Price has been a major factor in the success of the EMB-120, with more than 270 delivered to airlines worldwide. Embraer expects the EMB-145 to be competitive with both the similarly priced Saab 2000 high-speed turboprop and the more-expensive Canadair Regional Jet, and says that it will offer lower operating costs than either aircraft on both 370km (200nm) hub-feeder and 1,100km hub-bypass missions.

When the EMB-145 project was announced at the June 1989 Paris air show, the first flight was planned for late 1991 and first deliveries for mid-1993. The definitive rear-engined configuration was not unveiled until January 1992, however, and the programme was further delayed by the prolonged process of privatising Embraer, finally completed in December 1994. The first flight took place on 11 August, and certification and first deliveries are now planned for late 1996.

Although Embraer decided in January 1992 to proceed with the programme, its financial problems meant that it did not have the resources to proceed alone. So it embarked on a search for risk-sharing partners. As a result, the estimated $300 million development cost is being divided between Embraer (34%), risk-sharing partners (33%) and participating suppliers (10%), with the balance being provided in the form of long-term loans from Brazilian development-funding institutions.



Embraer's risk-sharing partners are Gamesa of Spain, providing the wing, wing-fuselage fairing, main landing-gear doors and nacelles (subcontracted to International Nacelle Systems); Sonaca of Belgium, supplying centre- and rear-fuselage sections, doors, engine pylons and wing leading-edges (with Gamesa); Enaer of Chile, providing the vertical and horizontal stabilisers and elevators; and the USA's C&D Interiors, supplying the passenger-cabin and baggage-compartment interiors.

Embraer's original concept was for an aircraft with engines mounted over a straight wing. This design offered the maximum commonality with the EMB-120, and therefore the minimum development cost, but proved not to provide the desired performance. The aircraft was redesigned with engines mounted under a swept wing, but the high ground-clearance required created ground-handling problems.
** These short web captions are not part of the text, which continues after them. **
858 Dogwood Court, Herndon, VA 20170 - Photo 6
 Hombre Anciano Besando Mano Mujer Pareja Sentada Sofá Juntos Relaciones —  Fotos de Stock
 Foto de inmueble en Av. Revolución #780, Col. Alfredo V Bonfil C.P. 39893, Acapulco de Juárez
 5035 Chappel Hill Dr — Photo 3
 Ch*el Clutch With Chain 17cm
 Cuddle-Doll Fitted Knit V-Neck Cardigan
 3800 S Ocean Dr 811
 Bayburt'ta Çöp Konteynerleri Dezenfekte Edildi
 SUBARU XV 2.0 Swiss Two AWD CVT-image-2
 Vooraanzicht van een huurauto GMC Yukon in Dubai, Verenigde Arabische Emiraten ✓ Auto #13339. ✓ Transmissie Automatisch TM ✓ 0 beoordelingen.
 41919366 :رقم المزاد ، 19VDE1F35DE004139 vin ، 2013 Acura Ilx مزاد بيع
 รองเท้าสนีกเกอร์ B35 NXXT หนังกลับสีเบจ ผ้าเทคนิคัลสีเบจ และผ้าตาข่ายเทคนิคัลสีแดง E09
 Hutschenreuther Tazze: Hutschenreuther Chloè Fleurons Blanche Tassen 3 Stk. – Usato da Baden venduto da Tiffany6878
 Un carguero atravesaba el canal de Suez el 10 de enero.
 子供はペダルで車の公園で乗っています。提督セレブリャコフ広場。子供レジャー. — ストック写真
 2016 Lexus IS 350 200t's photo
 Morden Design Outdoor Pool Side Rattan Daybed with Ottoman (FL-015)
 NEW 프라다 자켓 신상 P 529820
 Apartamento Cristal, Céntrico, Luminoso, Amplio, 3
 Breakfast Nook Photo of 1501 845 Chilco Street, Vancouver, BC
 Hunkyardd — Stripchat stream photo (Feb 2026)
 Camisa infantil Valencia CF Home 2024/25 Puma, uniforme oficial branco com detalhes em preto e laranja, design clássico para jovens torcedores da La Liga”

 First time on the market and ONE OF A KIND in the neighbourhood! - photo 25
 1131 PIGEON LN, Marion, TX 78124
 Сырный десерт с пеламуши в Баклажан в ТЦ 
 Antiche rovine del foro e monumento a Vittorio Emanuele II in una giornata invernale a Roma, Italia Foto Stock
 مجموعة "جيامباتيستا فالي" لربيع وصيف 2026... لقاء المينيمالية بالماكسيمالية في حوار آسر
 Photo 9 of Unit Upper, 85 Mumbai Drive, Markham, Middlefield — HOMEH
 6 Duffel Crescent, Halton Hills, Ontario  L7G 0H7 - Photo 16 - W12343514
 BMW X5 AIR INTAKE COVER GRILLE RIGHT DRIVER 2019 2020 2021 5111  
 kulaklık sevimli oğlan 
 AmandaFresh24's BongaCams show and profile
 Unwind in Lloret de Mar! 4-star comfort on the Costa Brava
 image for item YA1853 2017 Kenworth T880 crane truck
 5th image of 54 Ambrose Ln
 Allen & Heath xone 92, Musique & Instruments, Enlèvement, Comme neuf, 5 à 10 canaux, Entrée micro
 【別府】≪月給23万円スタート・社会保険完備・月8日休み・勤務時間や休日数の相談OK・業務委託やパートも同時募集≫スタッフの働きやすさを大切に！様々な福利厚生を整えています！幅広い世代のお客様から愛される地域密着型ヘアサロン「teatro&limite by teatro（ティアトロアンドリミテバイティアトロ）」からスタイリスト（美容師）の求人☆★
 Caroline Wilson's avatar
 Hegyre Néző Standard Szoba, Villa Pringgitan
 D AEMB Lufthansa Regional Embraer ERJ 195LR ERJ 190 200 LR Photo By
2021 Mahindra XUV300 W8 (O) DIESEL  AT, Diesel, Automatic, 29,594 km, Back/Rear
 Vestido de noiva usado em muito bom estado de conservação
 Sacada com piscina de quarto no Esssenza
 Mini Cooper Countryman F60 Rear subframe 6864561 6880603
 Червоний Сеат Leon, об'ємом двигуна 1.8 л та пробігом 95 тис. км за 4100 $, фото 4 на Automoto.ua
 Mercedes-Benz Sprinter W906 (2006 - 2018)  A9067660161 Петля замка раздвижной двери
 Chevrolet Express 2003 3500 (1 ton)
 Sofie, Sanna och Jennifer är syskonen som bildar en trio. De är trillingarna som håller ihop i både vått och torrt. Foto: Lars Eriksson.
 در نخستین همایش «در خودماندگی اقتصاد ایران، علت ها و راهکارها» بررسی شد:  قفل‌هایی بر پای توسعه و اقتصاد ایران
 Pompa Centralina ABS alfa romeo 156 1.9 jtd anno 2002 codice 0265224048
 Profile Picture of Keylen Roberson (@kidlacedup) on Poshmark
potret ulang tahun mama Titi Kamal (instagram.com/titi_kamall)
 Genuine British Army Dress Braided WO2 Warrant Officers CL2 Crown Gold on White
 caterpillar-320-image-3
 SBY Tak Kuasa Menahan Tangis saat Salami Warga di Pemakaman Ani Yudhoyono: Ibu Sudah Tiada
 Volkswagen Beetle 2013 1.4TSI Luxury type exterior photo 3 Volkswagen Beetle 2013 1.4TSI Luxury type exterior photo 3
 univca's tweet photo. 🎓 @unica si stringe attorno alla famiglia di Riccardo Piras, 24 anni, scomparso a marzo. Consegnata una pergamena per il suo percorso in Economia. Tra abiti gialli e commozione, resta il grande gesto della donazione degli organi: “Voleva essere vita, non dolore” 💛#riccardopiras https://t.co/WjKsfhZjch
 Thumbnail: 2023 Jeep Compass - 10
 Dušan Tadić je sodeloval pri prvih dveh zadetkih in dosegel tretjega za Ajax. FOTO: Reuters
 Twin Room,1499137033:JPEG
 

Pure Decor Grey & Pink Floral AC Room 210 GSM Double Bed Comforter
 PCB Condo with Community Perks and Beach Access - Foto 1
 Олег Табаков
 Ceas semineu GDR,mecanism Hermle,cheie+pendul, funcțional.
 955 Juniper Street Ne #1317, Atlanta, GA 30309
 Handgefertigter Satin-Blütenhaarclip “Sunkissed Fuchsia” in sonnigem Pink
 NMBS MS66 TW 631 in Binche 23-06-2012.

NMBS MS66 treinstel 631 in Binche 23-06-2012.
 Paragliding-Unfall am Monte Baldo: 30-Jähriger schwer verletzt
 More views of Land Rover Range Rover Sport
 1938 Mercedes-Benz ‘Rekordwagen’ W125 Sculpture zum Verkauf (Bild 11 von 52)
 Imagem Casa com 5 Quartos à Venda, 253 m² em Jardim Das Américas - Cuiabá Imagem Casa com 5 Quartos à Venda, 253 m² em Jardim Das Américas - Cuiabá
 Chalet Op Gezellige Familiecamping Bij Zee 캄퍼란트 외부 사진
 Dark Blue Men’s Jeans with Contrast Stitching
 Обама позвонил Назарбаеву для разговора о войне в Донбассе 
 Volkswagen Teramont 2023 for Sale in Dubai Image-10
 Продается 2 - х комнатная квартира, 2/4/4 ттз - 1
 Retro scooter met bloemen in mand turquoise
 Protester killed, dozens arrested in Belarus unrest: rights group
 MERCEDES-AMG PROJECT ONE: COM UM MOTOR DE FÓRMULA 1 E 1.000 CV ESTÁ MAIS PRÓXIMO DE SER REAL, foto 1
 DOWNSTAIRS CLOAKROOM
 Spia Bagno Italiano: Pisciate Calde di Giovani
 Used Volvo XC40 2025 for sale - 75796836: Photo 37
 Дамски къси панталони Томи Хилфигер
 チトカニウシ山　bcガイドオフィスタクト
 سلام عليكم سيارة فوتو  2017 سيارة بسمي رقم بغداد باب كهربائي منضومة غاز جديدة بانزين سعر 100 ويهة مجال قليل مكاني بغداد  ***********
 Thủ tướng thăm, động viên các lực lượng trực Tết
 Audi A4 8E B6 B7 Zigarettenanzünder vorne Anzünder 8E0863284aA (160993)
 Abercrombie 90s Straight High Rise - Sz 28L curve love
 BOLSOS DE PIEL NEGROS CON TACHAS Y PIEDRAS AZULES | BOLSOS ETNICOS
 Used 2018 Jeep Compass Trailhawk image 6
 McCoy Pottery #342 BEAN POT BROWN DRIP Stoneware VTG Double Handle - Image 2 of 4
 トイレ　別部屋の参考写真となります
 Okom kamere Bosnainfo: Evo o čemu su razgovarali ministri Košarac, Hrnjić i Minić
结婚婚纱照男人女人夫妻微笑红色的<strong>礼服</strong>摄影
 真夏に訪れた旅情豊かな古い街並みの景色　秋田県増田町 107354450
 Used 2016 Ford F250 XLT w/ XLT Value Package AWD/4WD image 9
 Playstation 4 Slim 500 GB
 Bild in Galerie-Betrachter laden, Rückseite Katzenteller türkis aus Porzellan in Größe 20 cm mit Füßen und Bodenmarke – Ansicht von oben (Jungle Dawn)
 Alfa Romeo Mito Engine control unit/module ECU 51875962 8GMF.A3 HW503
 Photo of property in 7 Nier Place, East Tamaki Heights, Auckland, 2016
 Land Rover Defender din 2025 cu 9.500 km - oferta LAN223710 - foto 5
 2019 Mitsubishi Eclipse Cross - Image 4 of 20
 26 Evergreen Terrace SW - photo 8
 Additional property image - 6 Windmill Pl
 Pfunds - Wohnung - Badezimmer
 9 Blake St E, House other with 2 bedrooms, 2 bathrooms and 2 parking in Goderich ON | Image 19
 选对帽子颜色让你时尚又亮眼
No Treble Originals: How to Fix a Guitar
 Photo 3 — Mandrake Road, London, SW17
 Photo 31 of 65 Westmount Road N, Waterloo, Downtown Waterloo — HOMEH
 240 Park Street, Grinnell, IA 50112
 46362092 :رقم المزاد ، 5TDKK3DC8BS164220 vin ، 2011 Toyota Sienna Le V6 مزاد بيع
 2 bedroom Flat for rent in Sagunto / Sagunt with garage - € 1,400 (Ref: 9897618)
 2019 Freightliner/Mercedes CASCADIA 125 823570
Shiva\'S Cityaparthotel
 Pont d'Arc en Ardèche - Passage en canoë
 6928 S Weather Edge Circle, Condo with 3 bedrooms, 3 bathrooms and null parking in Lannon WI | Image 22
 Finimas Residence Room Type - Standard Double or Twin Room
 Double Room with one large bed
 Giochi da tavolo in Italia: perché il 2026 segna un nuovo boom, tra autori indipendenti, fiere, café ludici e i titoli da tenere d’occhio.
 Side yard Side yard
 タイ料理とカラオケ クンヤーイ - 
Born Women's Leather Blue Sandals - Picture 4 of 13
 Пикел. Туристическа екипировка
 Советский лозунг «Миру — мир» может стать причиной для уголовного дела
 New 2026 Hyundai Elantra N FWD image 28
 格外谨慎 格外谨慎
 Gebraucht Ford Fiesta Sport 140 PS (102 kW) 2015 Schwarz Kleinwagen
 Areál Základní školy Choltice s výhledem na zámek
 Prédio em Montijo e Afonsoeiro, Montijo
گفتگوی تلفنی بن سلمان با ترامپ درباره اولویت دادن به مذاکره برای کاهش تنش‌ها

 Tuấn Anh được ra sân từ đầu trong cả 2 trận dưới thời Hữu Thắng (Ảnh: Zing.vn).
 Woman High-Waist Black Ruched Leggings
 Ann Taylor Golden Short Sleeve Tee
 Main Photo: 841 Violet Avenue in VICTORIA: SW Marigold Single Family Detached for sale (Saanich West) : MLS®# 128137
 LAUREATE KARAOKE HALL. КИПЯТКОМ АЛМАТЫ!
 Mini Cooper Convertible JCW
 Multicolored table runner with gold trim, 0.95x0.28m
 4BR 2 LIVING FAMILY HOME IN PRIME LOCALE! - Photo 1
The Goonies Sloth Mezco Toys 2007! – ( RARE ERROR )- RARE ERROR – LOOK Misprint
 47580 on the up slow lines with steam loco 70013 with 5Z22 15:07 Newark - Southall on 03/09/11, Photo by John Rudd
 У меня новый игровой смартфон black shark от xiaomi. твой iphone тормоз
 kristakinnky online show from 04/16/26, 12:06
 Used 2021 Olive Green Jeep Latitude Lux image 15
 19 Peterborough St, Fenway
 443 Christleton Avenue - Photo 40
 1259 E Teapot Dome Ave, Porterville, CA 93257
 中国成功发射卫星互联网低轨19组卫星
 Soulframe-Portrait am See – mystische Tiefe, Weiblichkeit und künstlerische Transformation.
The final design, combining a swept wing with tail-mounted engines, still allowed used of the EMB-120 nose and cabin cross-section, and proved to exceed the desired performance. After windtunnel tests at Boeing in late 1993, Embraer reduced the take-off and landing distance figures, decreasing or eliminating operating restrictions at hot-and-high airports.

The swept wing lacks the winglets originally planned for the EMB-145, and has a supercritical-section aerofoil evolved from that developed by Embraer for the CBA-123. There are two flap sections and two spoiler panels per side, but no leading-edge devices. Vortillons under the outboard section of each leading edge control airflow over the ailerons at high angle-of-attack.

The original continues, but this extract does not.